Do you know the strategic exhaustion trick? Preference the top candidates from parties you don't like last, then the next rank, then the next, meaning your preferences give least support to their first
(and most likely) candidate... Likewise, vote 1,2,3 across the ballot, giving the first candidate in each of your preferred parties a larger slice of your preferences pie.

As a simplified example for Queensland, not necessarily representing my actual voting intentions...

Group J             Group K               Group L
One Nation                               Family Farce

[49] HARRIS, Len   [50] HANSON, Pauline [47] LEWIS, John
[45] NELSON, Ian   [46] SMITH, Judy      [44]SKELLERN-SMITH, Tracy
[43] SAVAGE, James

As an example of the overall process I will use my intended voting pattern... As usual, I will be voting under the line. I usually give HEMP my first preferences, but this year it is so important that I will be voting HUTTON, Drew (GREENS) [1] and probably CHERRY, John Clifford (DEMOCRATS) [2] (despite my unease with the Dems and Family Farce getting along so well in the playground). Back to the "lesser" Greens and Dems for 3, 4 & 5...
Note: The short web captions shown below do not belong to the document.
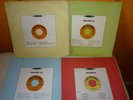 RARE ROCKABILLY (Vols. I, II, III & IV) - Rare and comp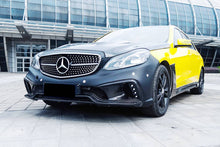 Load image into Gallery viewer, 2014-2016 Mercedes Benz E Class W212 WD Style Full Body Kit - Carbonado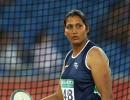 Meticulous planning key to success in Olympics: Poonia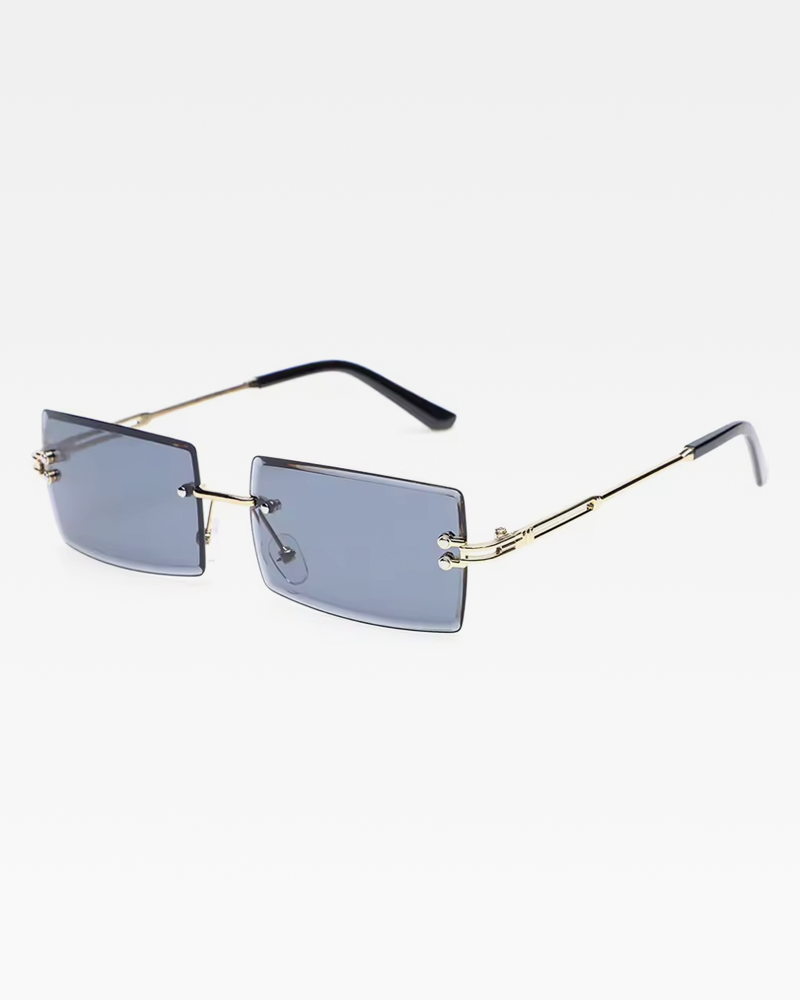 Y2K Rimless Sunglasses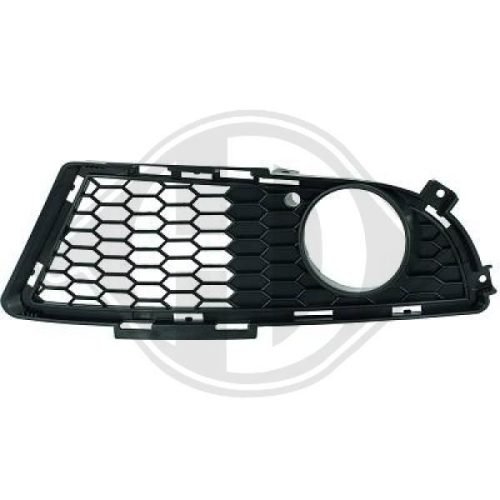 DIEDERICHS Plaat, bumper HD Tuning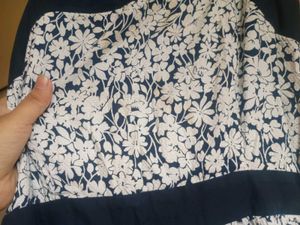 floral midi dress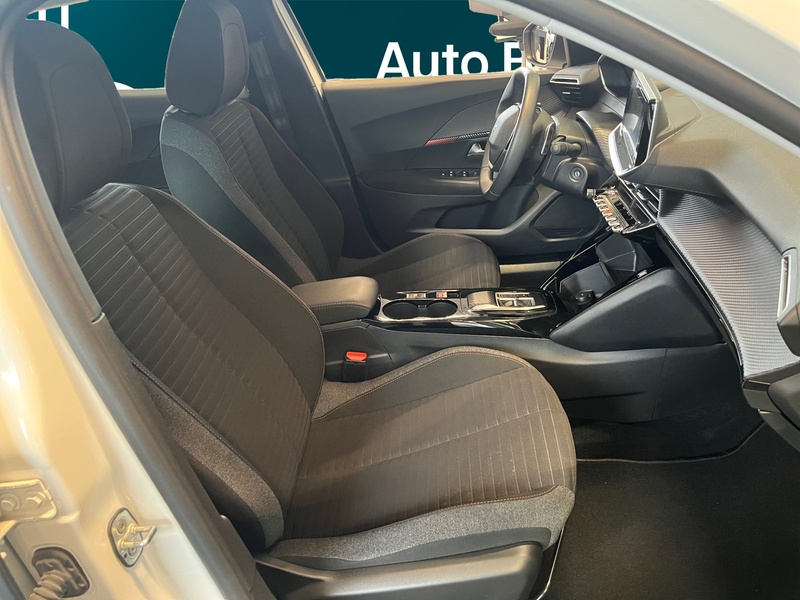 Peugeot 2008 vaihtoauto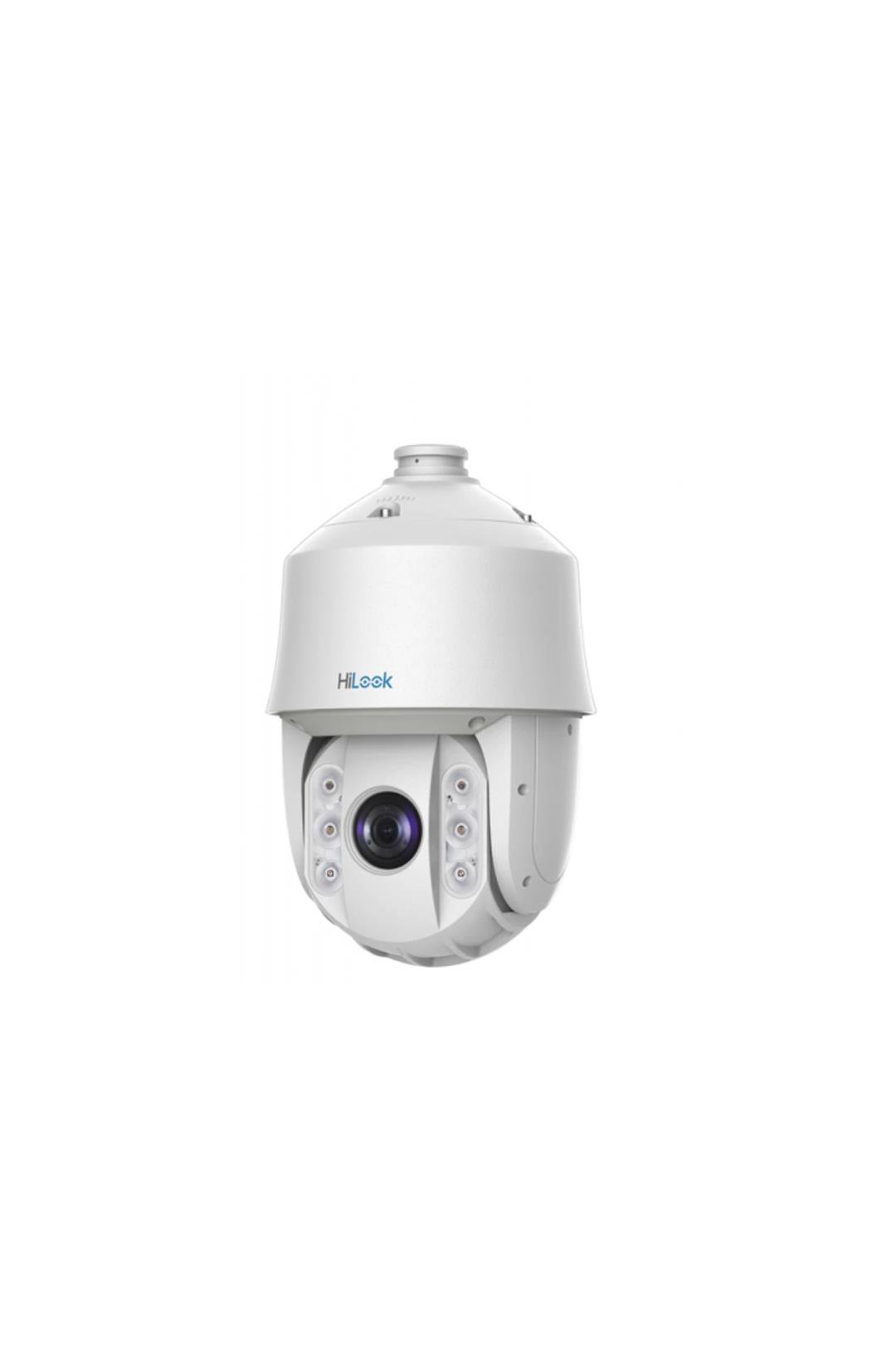 HILOOK PTZ-N5225I-AE, 2Mpix, 4.8-120mm Motorize Lens, 25X Optik Zoom, 100Mt Gece Görüşü, SD Kart, PoE, Ses Giriş Çıkış, H265+, Speed Dome, PTZ IP Kamera (Ayak Dahil)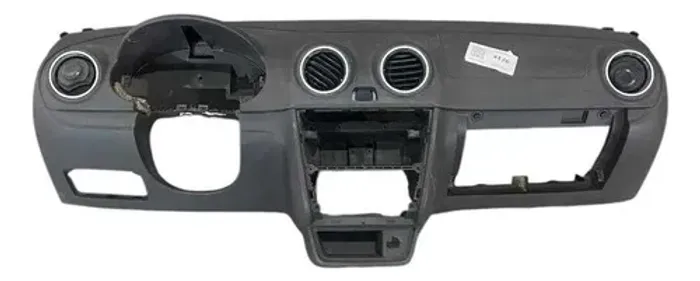 Tabelier Volkswagen Voyage Gol G5  2010 Preto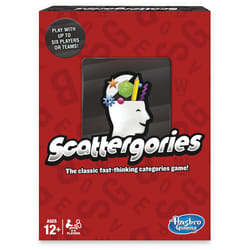 Hasbro Gaming Scattergories Game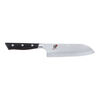 HISHO 400FCT, 5.5-inch, Fine Edge Santoku, small 1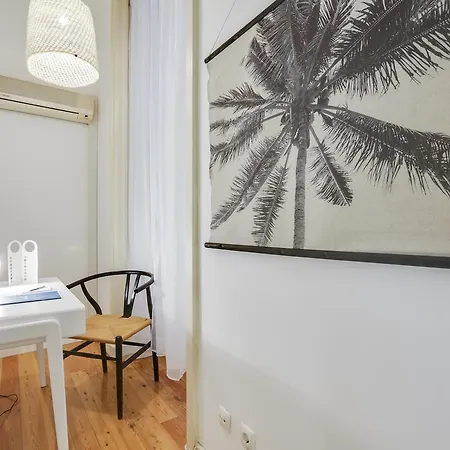 Апартаменти Sweet Apartment- Rua Da Prata Лісабон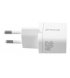 Сетевое зарядное устройство Proove Silicone Power 20W (Type-C) White (WCSP20010002)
This election is so important, in terms of avoiding another 3 years of smug misrule by the Johnny Howard and The New Right (Watch for their next album on Jackboot Records :-), that I will probably do something I almost never do, and give Labour my next 3 preferences and in "correct" rather than reverse order...

The nice people from the Socialist Alliance and HEMP will get preferences ahead of the Slowalition and their stooges. A straggle of loony fringe groups such as the Channel 7/"Oh, think of the children" nutter, Hetty Johnston (too easily exploited by the likes of Family Farce IMHO). Then down to Dear Pauline in the wooden-spoon position...

(BTW, which group are crazier, CEC or The Great Australians? So hard to tell without a few days of careful observation of their behaviour in the rubber room...)

Now, why not just vote HEMP and Socialist Alliance as per usual? The
reason is that preferences are not passed on as whole votes, but discounted (if a candidate gets up) and thus the higher the reference assigned, the larger the fractional vote that gets passed from hand to hand. Likewise the lower the preference, the small the fractional vote that gets passed on.